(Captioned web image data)
========================================================================
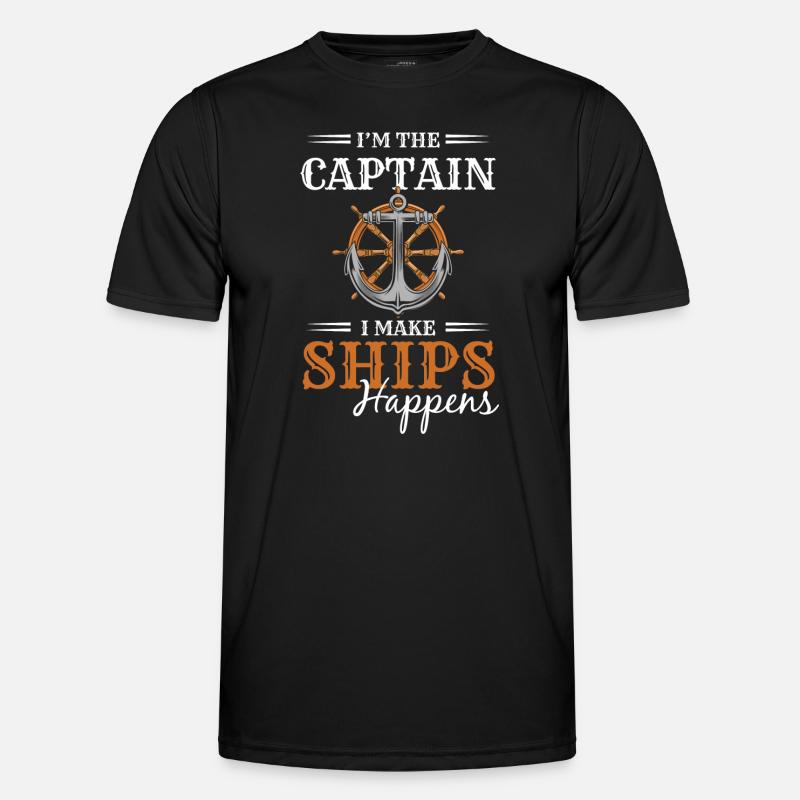 Model Captain Anchor - Men's Functional T-Shirt - black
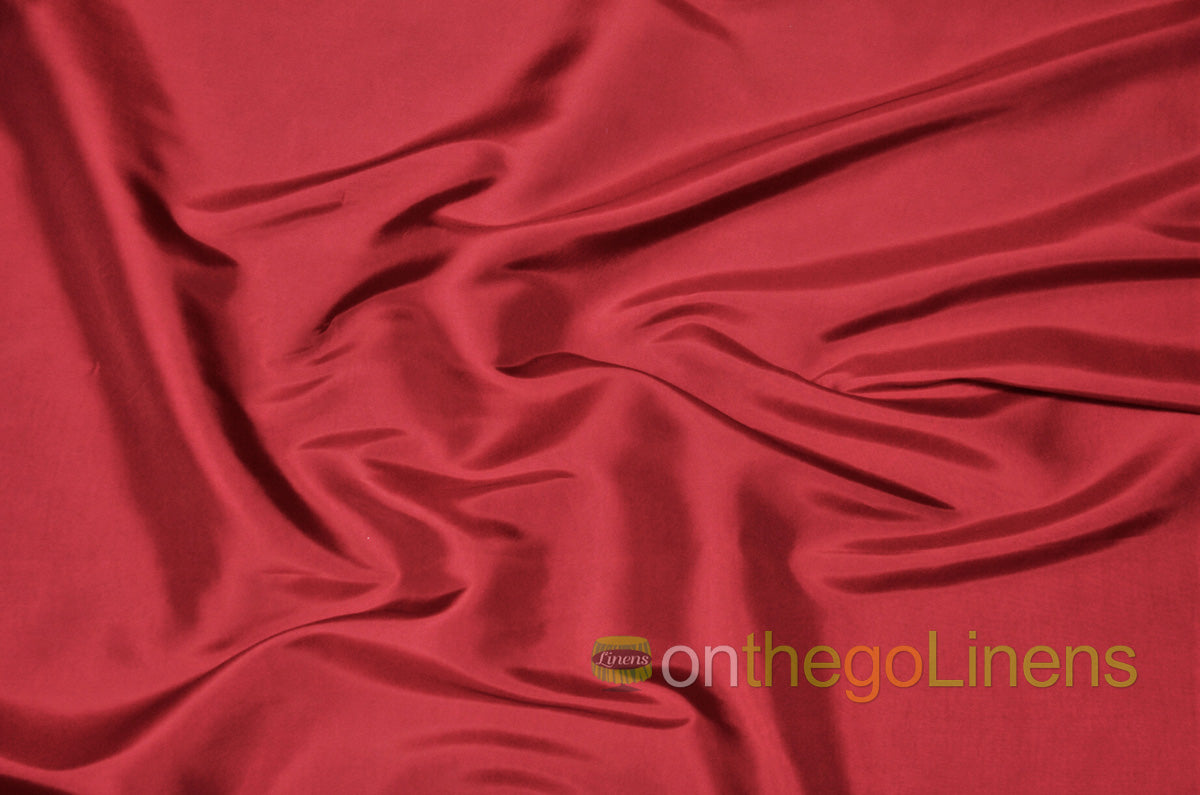 Stretch Taffeta Fabric by the Yard | Spandex Taffeta Fabric | 60" wide | Multiple Colors |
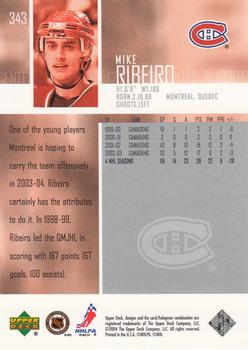 2003-04 Upper Deck #343 Mike Ribeiro Back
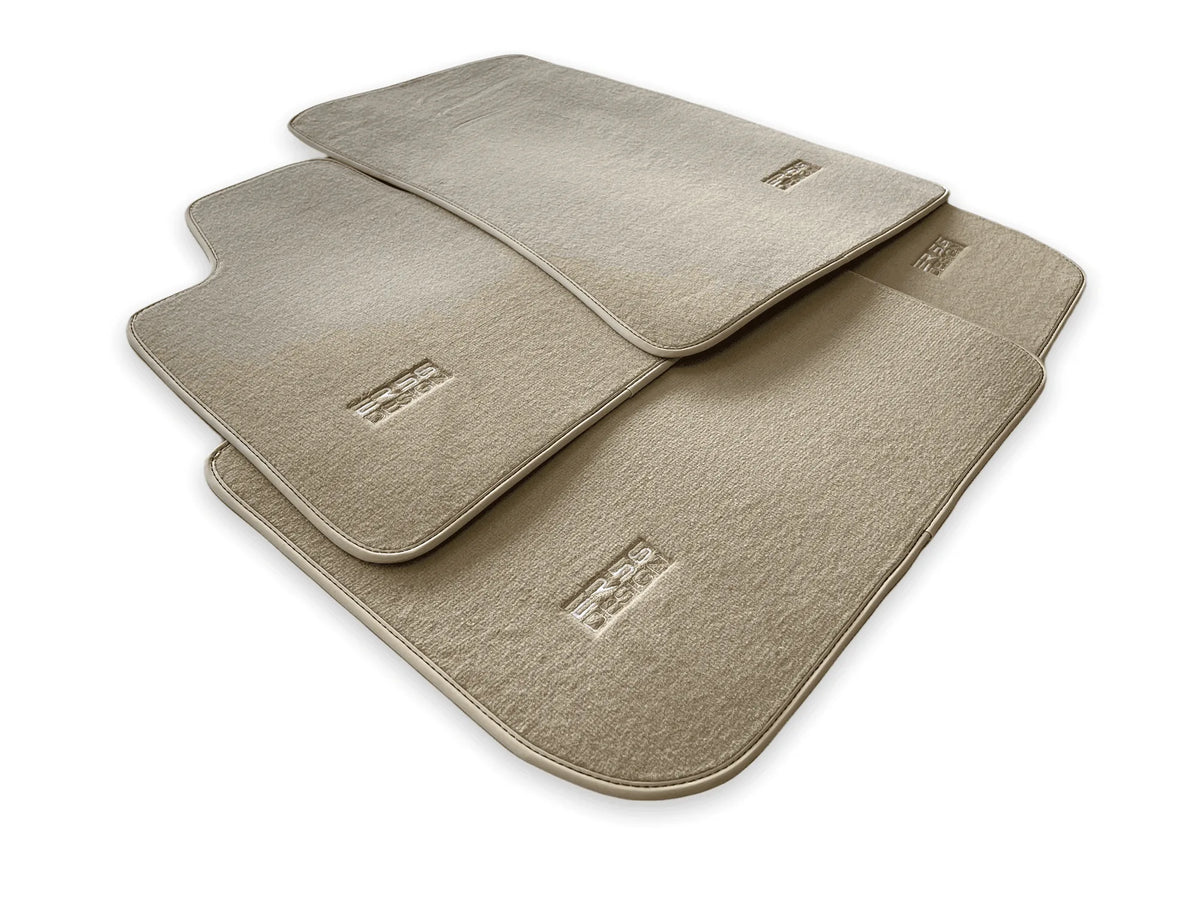 Floor Mats For Rolls Royce Ghost Series I (2010–2020) Beige ER56 Design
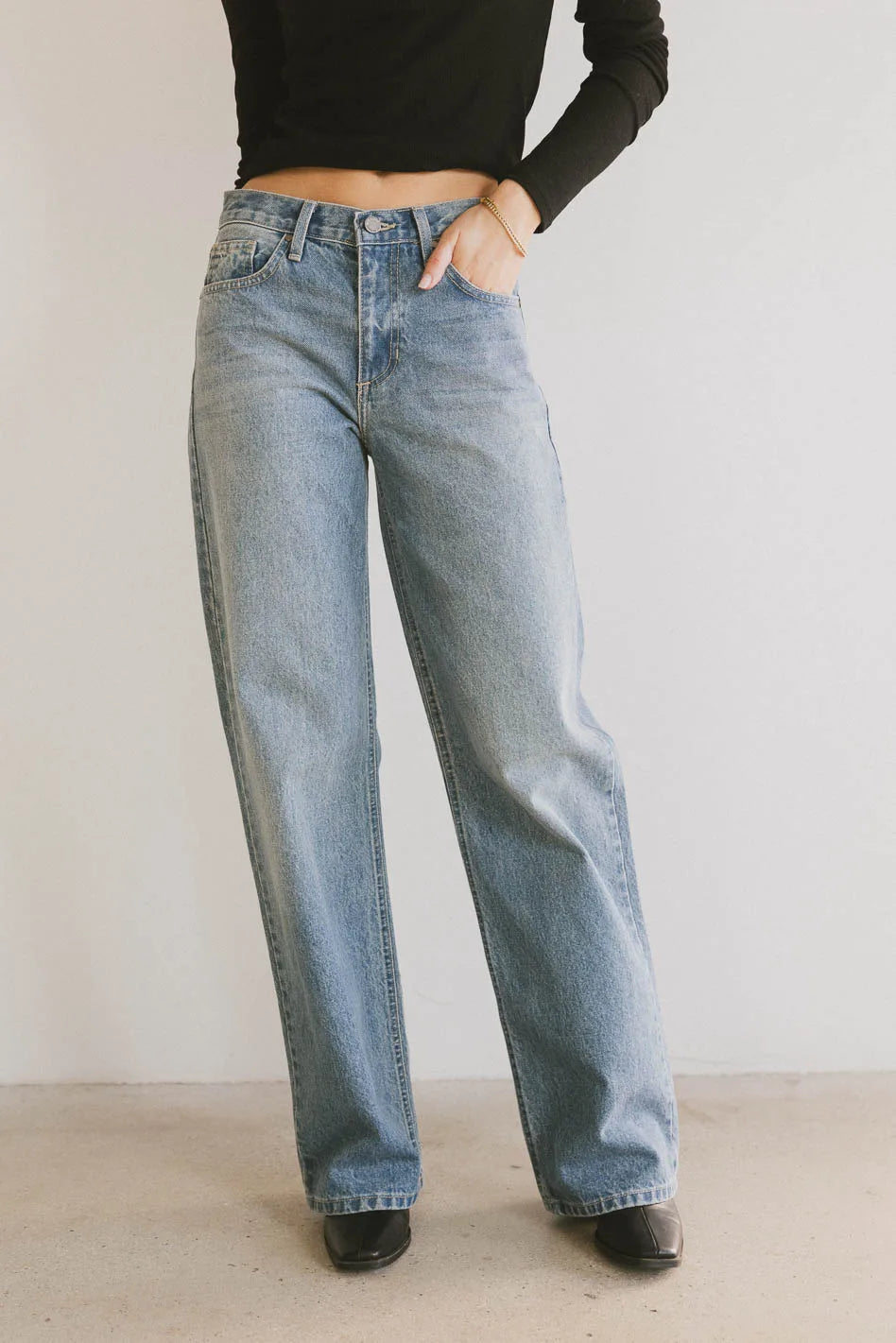Marlie Relaxed Straight Leg Jeans for Women - Comfortable Stretch Denim Pants - Casual & Everyday Wear - FINAL SALE
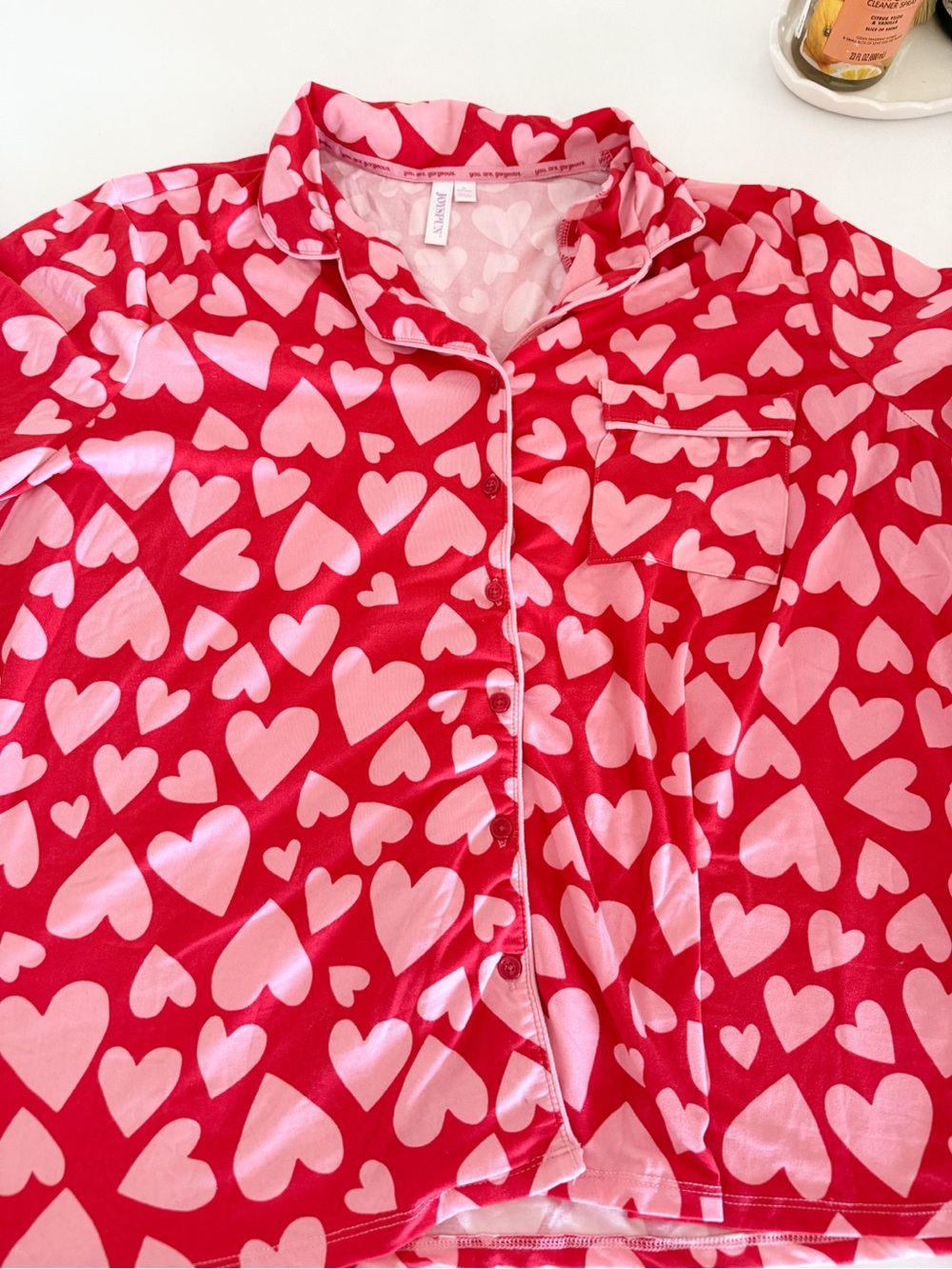 Red & Pink Heart Pajama Set - Picture 2 of 5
========================================================================
» WORK ORDER: Could you set down nothing but the lines from the one containing "Stretch Taffeta Fabric" through the last line of the records above, both ends included, exactly as given and free of pictures?

» ANSWER BELOW:
 Stretch Taffeta Fabric by the Yard | Spandex Taffeta Fabric | 60" wide | Multiple Colors |
 2003-04 Upper Deck #343 Mike Ribeiro Back
 Floor Mats For Rolls Royce Ghost Series I (2010–2020) Beige ER56 Design
Marlie Relaxed Straight Leg Jeans for Women - Comfortable Stretch Denim Pants - Casual & Everyday Wear - FINAL SALE
 Red & Pink Heart Pajama Set - Picture 2 of 5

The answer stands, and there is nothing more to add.